27 MAYIS VE DARBE KÜLTÜRÜ

28 Şubat sürecinin kudretli generali İsmail Hakkı Karadayı ve onun izinden gidenler dahil, süreci yürüten asker ve sivil aktörlerin tutumları, Türkiye’deki darbe geleneği üzerinde önemle durmayı gerektirmektedir

27 MAYIS VE DARBE KÜLTÜRÜ

Yusuf Yavuzyılmaz yazdı;

28 Şubat sürecinin kudretli generali İsmail Hakkı Karadayı ve onun izinden gidenler dahil, süreci yürüten asker ve sivil aktörlerin tutumları, Türkiye’deki darbe geleneği üzerinde önemle durmayı gerektirmektedir. Karadayı’nın zamanın başbakanı Erbakan ile yaptığı görüşmenin resmi basına yansımıştı. Bu tutum aslında darbeci zihniyetin kodlarını okumak bakımından son derece önemlidir. Karadayı’nın Erbakan’a direktif verir gibi konuştuğu bu resim onu ve yaslandığı militarist zihniyet dünyasını çok iyi tanımlıyor. Atanmış ve hükümetin emrinde olması gereken bir bürokratın başbakana yaramaz bir çocuğu hesaba çeker gibi konuşuyor olması, Türkiye’de askeri bürokrasinin konumu açısından dikkat çekici olmuştur. Kuşkusuz bu hareketiyle o, asıl kudretin kendisinde olduğunu hatırlatıyor. 

27 Mayıs darbeci militarist faşizminin ürettiği bir zihniyet uzun yıllar Türk siyasetinin üzerine çöktü. Darbecilerin çoğu, artık her faninin varacağı mutlak ve zerre miktar hata yapılmayan bir yargılayıcının önünde. Binlerce insanin zulüm görüp gözyaşı dökmesine neden olmanın bedelini ödeyecekler. Darbecilerin suçu çok büyük ve dosyaları kabarıktır.
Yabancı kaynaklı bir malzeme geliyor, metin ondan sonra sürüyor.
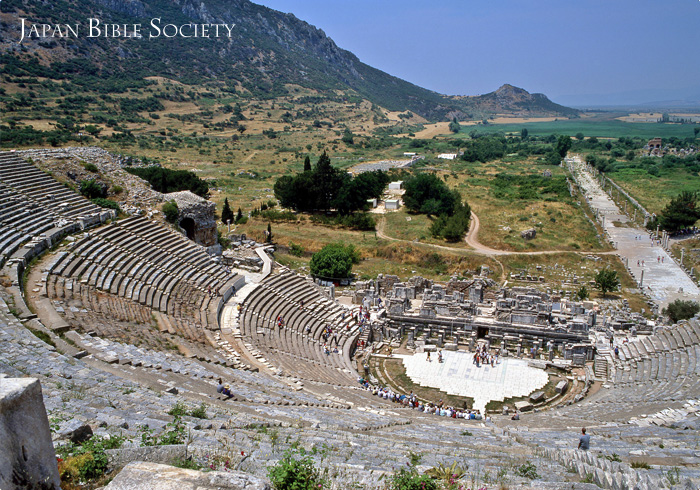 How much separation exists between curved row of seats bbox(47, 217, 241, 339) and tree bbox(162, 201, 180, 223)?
1.70 metres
Siyasal açıdan darbeciler, militarist faşizmin samimi bir temsilcileridir. Darbeciler, Atatürk ilke ve devrimlerinin ve Kemalizm’in savunucusu olarak tanımlıyorlar kendilerini. Kemalizm’i kendi görüşleri doğrultusunda araçsallaştırarak kullanıyorlar. Bu yüzden buna muhalif olarak konumlandırdıkları herkesi düşman görüyorlardı.  Darbeciler kendilerini Kemalist olarak tanımlayabilir; ama asla demokrasi, hukuk, özgürlük ve halk iradesi taraftarı olarak tanımlayamaz. Demokrasi, halk iradesi gibi kavramlar sözlüklerinde yoktur. Çoğu ömrünü verdiği kavgayı kaybetti. Sosyoloji ideolojiyi yendi. Ancak yine de darbeciler,  27 Mayıs faşizminin açtığı yolda samimi bir şekilde yürüdüler ve yürümeye devam etmektedirler.

Menderes'in alçakça darbe ile indirilmesinin ardında CHP, üniversiteler, yargı, barolar ve darbeci askerlerin işbirliği vardır. Kuşku yok ki 27 Mayıs darbesinin arkasında CHP ve ona bağlı sivil güçlerin varlığı demokrasi açısından büyük bir talihsizlik, aynı zamanda açık bir gerçekliktir.

Bunu darbe sonrası askerlerin tavırlarından açıkça anlamak mümkündür. 27 Mayıs: Sol ve sağ militarist darbeci zihniyetin halk iradesini alçakça çiğnediği tarih olarak kayıtlara geçmiştir.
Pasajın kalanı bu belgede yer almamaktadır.